野田首相は、「現在の日米合意は現状に比べると沖縄の大きな負担軽減につながる」などと開き直り、沖縄に負担を押し付ける姿勢をみせました。
志位氏は「県内移設反対」の県民総意の根源には、戦後66年にわたる重い歴史の累積があると強調。米軍基地が国際法も無視してつくられ、“銃剣とブルドーザー”で拡張された歴史、その後も6歳の少女が暴行され殺された“由美子ちゃん事件”など県民の心に刻まれている数々の事件・事故――志位氏はこうした事実を示し、「新基地をつくることは許さないとの総意は、こうした歴史の痛みと苦しみの累積の上につくられたものだ。そういう認識が少しでもあるなら、アメリカに命じられたまま使い走りのように新基地を押し付けることなど愚かな行動はとれないはずだ」と迫りました。

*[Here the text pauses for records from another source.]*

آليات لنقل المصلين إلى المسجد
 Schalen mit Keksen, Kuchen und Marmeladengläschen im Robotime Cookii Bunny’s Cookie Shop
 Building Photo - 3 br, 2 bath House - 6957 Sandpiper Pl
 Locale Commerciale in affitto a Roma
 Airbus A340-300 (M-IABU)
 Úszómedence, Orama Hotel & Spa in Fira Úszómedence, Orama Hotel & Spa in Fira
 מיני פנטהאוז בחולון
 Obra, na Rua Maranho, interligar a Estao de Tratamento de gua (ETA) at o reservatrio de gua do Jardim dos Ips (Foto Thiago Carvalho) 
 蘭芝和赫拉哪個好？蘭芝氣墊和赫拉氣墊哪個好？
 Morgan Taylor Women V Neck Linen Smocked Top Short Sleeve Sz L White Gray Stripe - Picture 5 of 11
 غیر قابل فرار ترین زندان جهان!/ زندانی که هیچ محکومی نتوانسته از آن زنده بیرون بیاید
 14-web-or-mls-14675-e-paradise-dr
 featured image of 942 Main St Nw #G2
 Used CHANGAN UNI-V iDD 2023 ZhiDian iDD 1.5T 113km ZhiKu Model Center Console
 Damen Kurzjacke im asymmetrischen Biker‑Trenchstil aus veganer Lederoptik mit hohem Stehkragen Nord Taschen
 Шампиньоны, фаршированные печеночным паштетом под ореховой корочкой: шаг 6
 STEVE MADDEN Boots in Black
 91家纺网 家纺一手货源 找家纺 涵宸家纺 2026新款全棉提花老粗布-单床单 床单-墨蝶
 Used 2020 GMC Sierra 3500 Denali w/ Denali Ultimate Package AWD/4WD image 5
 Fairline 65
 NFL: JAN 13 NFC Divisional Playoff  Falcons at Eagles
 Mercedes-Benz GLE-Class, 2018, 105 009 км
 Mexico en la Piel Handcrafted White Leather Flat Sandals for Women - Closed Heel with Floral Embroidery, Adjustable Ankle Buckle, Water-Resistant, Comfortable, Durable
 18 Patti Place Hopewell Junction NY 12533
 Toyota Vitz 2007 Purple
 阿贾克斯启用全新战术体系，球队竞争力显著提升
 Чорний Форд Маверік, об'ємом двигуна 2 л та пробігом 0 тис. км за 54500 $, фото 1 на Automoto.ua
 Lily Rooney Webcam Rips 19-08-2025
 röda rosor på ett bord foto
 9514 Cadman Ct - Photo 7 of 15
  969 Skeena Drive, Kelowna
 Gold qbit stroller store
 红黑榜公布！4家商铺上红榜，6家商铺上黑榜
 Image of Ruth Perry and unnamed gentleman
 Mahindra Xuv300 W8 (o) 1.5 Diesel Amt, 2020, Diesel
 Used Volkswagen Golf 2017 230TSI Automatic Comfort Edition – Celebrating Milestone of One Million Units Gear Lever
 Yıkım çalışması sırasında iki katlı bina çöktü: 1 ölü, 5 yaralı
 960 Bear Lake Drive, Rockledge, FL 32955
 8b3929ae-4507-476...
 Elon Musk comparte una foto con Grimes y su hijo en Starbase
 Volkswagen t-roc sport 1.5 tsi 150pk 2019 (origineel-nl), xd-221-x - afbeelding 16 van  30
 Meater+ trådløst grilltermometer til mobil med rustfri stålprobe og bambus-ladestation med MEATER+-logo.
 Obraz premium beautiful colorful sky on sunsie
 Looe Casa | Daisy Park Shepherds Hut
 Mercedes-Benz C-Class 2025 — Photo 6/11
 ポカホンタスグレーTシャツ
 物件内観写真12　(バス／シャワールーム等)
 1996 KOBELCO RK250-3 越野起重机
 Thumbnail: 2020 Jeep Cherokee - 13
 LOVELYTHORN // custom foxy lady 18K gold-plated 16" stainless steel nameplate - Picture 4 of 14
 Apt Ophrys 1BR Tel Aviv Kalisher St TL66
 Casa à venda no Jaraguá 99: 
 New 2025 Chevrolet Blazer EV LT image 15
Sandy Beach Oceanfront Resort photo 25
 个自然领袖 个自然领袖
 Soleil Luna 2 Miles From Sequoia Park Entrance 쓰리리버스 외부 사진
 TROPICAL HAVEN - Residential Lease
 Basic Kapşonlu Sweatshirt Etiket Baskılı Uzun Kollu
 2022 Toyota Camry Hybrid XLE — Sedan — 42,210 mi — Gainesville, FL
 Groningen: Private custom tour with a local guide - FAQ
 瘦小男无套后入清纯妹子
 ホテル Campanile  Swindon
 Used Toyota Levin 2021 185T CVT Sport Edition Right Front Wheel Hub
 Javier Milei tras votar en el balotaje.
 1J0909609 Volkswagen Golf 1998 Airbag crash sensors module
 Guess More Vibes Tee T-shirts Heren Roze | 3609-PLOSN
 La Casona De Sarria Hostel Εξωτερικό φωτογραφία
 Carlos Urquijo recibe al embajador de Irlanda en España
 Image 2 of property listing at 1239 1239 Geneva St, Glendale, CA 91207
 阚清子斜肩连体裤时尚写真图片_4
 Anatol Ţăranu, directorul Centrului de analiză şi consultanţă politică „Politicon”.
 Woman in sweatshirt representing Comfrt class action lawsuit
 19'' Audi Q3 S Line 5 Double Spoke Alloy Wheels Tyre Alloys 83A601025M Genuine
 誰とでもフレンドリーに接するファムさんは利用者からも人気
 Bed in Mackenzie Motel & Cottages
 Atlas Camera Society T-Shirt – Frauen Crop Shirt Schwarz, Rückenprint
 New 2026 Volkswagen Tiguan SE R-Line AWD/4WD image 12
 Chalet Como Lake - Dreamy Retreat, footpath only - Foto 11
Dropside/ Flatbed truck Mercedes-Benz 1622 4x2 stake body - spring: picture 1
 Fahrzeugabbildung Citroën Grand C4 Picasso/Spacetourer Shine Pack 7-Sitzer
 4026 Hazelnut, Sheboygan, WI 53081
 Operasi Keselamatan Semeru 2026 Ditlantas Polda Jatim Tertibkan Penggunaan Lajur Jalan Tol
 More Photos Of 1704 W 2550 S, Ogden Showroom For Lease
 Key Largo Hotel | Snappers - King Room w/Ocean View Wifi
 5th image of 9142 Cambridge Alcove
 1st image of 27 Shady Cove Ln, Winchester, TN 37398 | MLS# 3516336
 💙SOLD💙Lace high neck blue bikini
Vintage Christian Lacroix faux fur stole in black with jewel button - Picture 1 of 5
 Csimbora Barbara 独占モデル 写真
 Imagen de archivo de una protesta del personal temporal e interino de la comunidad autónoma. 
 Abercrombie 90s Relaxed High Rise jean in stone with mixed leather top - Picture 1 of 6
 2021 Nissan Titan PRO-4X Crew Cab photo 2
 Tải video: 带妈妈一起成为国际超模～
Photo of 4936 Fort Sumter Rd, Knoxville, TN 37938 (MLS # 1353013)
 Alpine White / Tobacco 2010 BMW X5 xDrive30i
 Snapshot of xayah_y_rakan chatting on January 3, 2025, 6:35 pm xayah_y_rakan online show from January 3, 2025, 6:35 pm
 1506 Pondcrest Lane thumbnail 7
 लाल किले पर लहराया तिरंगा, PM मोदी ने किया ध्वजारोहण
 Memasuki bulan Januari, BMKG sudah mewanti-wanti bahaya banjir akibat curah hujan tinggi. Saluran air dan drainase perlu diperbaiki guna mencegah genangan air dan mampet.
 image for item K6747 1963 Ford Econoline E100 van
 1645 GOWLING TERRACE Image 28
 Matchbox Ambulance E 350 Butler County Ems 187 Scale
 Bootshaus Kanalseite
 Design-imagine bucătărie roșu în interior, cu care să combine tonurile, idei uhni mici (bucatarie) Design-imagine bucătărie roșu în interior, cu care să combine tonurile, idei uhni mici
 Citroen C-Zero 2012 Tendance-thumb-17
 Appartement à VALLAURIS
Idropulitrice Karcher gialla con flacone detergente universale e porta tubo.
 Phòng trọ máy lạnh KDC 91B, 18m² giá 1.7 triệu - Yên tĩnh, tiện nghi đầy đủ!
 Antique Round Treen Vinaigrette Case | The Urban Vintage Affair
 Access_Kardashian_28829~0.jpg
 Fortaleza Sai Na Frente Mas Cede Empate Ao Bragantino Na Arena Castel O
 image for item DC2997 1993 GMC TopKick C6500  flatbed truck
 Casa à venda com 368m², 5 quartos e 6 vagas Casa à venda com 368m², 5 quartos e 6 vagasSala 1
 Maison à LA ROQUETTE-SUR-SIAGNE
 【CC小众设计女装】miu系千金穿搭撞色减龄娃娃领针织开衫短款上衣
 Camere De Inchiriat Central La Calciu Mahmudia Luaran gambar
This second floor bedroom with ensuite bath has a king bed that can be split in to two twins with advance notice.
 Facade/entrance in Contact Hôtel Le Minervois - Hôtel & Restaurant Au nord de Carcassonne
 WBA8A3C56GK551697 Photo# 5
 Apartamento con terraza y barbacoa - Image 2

野田首相は、「基地の形成過程についてはさまざまな議論がある」とのべ、国際法違反との指摘を否定できなかったものの、新基地建設に固執し、沖縄県民の痛みを感じない冷たい姿勢をみせました。
志位氏は、「解決する道は一つしかない」と指摘。辺野古「移設」の日米合意を白紙に戻し、普天間基地の無条件撤去を求めて米国政府と交渉することを強く求めました。